Que réclame la procédure d’orientation à la française ?
Face à la demande d’orientation formulée par les parents (passer dans telle classe) la réponse du conseil de classe ne peut avoir que deux valeurs : oui ou non.
- L’élève peut ou non passer dans la classe supérieure.
- L’élève doit ou non aller vers la voie professionnelle.
- L’élève doit ou non redoubler.
Pour répondre à une question binaire, le système de la notation est parfait. Le chiffre attribue à une performance une valeur qui ne décrit en rien cette performance. Elle va simplement permettre de la hiérarchiser par rapport à une autre. Cette opération d’oubli de la cause étant faite, on va pouvoir combiner ce chiffre à un autre, et obtenir à nouveau … Un chiffre !
Et oh merveille, un chiffre à également une propriété binaire : on a 15 ou on n’a pas 15. C’est simple. Et la circulaire de 1880 que je citais dans le billet, reposait sur cette simplification. Mais elle allégeait encore plus le travail du conseil de classe en édictant une limite, la norme qui permettait de prendre la décision du passage en classe supérieure : la sacrosainte moyenne.
Y a pu de norme extérieure
Mais pépin d’importance, en 1969, on supprime les compositions trimestrielles, chaque enseignant produit ses épreuves, et dans la foulée, les nouvelles procédures d’orientation de 1973 n’édictent plus aucune norme, laissant les acteurs locaux avec ce travail de définition et de régulation des flux scolaires.

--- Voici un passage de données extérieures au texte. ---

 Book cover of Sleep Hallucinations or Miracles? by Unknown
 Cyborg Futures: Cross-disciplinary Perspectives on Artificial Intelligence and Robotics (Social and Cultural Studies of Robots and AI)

Donc Reste la question épineuse “combien faut-il pour passer ?”. Et l’on obtient la fameuse réponse de Fernand Reynaud (pour les anciens, l’histoire du fut de canon) : “ça dépend” ! Mais ça dépend de quoi au fond ?
Protection et paix scolaire
En résumé cela ne peut dépendre de rien de sérieux puisque dans ces différentes opérations la nature des performances à été effacée par l’opération de la notation. On n’obtient plus qu’un système de comparaison-hiérarchisation des élèves de la classe. Depuis l’apparition des logiciels de traitement de notation, les choses ont d’ailleurs empirées. Leur capacité de visualisation des comparaisons et autres statistiques étant très importante, les conseils de classe se passent de plus en plus dans une fascination face à l’écran. Les chiffres et les courbes de plus en plus sophistiquées se multiplient, et les “systèmes d’évaluation” l’emportent sur une réflexion sur l’évalué.
Maintenir la notation permet ainsi d’éviter la question épineuse “qu’est-ce qui a été appris”. Mais pas seulement cette question… Il y en a une autre qui est évitée et qui en le faisant maintien la paix scolaire : “quelle justification donner à cette note ?”.
Notre enseignant français reste à l’abri de ce questionnement.